I used to love hearing “money isn't that important” because I thought it meant that the candidate was truly evaluating the job without dollar signs in their eyes. Yet, too many times when we were at the offering table I’d find myself on the phone with a seemingly different candidate than who first uttered those words. Over the years, I've learned that money is always important.
Now, I don’t think anyone is being purposefully untruthful; it is just that people get uneasywhen a big decision is being presented to them, especially when money is concerned. Considering a job offer is foreign territory for most people, and they want to make sure they don’t leave money on the table. I call this uneasy feeling Offer Anxiety. I wanted to answer some routine questions I get around offer time with the hopes that it will ease the pressure of this big decision on unfamiliar footing:
1. Are you (the recruiter) going to negotiate for me? First, I want to say that most offers are generated with careful consideration and companies extended the thought-out offer with the expectation that a negotiation will not take place. Much effort goes into the generation and approval of an offer, and companies don't desire to unnecessarily go through it more than once. The best time to influence your offering is before the offer is even formulated, not after, and that is where a recruiter can help the most.
Before the offer is generated, a recruiter should have a conversation with their client about what would and would not be acceptable to the candidate. Fraught with Offer Anxiety, some candidates begin playing coy with their recruiter, not clearly directing them. The recruiter and the company simply want to find out what is and what is not acceptable, so that they will get a "yes" when extending the offer. The recruiter speaks in your behalf to broker the best deal for each side.
2. Should I accept their first offer? A major misconception out there is that it is a best practice to never accept a company’s first offer even if it is great. There may be some who would agree with that, but I don't necessarily subscribe to this way of thinking. Let me explain...
In a following article, I will address my philosophy on accepting a company's first offer, so stay tuned for that.
3. How do I politely ask for the offer to be increased without burning up political capital? If the offer is not acceptable but you really want the job, then that is a separate topic than just asking for an increase without well-founded reasons. The simple way to get them to an agreeable set of terms is to tell them exactly what you would accept and explain why the current offer is not something you can accept. Don’t allow them to generate another offer without them clearly knowing what would get you to say "YES!".

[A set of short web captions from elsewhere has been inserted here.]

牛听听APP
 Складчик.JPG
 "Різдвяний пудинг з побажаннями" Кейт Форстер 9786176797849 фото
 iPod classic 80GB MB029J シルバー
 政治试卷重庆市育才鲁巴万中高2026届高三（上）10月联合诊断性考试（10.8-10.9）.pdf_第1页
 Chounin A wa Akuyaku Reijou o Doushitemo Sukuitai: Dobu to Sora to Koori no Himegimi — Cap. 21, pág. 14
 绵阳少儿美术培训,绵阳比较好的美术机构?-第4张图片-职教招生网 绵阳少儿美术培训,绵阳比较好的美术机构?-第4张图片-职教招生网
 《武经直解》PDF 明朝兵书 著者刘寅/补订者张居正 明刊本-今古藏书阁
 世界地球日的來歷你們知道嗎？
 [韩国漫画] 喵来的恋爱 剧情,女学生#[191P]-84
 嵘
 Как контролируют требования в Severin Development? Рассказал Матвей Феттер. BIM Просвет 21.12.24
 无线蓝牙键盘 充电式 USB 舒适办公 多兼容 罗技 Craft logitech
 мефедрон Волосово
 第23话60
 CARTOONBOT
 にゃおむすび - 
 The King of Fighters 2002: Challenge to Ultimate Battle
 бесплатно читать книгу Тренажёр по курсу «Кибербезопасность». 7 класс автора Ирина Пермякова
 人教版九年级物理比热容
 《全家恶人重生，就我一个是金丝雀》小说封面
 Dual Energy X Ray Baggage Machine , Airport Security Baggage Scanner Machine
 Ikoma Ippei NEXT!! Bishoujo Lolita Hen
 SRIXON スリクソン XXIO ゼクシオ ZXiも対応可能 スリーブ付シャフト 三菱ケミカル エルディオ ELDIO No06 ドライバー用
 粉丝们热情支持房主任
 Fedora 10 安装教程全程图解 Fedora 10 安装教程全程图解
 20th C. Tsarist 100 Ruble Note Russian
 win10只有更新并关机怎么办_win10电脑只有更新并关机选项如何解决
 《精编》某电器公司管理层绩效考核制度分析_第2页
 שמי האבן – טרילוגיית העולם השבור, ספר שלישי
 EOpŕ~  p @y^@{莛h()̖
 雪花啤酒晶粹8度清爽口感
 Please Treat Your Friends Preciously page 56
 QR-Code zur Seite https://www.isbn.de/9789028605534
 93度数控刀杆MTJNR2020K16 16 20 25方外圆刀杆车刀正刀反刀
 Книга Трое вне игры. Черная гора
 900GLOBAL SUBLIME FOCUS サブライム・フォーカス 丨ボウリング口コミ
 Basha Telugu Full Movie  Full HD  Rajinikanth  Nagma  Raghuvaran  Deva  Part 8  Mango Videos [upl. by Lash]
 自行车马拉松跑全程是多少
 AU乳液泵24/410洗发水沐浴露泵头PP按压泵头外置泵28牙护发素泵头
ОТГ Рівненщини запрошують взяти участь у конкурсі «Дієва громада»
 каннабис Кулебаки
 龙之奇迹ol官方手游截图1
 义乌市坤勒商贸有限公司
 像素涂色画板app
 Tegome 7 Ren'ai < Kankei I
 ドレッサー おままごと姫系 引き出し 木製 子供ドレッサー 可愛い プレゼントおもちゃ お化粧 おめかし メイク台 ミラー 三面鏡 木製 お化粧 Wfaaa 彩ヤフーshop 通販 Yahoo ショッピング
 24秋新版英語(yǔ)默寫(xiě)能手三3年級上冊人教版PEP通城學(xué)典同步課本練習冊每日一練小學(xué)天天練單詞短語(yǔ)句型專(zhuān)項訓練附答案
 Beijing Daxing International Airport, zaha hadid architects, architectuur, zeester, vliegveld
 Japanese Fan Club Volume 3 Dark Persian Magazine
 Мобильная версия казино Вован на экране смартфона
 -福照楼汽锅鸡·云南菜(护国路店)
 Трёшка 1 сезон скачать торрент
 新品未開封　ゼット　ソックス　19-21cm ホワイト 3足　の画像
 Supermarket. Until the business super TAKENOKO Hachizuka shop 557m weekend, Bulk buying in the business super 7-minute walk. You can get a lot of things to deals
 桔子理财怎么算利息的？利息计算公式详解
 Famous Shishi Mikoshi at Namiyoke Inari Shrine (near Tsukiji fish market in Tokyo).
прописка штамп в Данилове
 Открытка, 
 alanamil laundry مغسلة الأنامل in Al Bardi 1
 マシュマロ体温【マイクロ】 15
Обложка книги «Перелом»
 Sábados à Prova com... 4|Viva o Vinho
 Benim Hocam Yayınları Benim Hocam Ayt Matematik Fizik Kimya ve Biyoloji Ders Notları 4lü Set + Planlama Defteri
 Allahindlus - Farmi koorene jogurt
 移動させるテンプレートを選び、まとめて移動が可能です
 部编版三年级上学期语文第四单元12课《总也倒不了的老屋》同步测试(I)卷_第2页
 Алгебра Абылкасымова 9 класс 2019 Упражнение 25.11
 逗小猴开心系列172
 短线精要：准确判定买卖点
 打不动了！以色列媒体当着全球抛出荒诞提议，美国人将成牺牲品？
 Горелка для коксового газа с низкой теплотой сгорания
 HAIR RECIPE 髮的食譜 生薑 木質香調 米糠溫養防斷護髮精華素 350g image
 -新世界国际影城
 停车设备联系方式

Here’s a script that you can form into your own words, “Mr./Mrs. Manager, I am very grateful that I am the person you've chosen to hire, and I am excited to be on the team. I can’t wait to get started on PROJECT-A and PROJECT-B. The only hesitation I have at this point is that the financial part of the offer was below what I was expecting. Can you help me understand what factors XYZ used in generating this offer? (HEAR THEM OUT) I understand. With the financial responsibility of my family resting on my shoulders, the current offer is not something I can accept. I wanted to say clearly what I would accept so that we can get started on these projects. I would, without hesitation, accept an offer of $__________. The reason that is an appropriate offer in my situation is because __A,B, and C__. Do you think an offer like that is appropriate and possible for XYZ to do?”
I hope this insight is helpful as you work through the very real anxieties that exist around offer time. I recommend to develop trust with your recruiter throughout the process and confide in them about what would be an acceptable and unacceptable offer. To alleviate Offer Anxiety, be candid about your expectations so that your recruiter can successfully broker this touchy part of the process and save your political capital. If you want the job and like the people, be fair and reasonable as you consider their offering. This will ensure that you start this new journey on the right first step.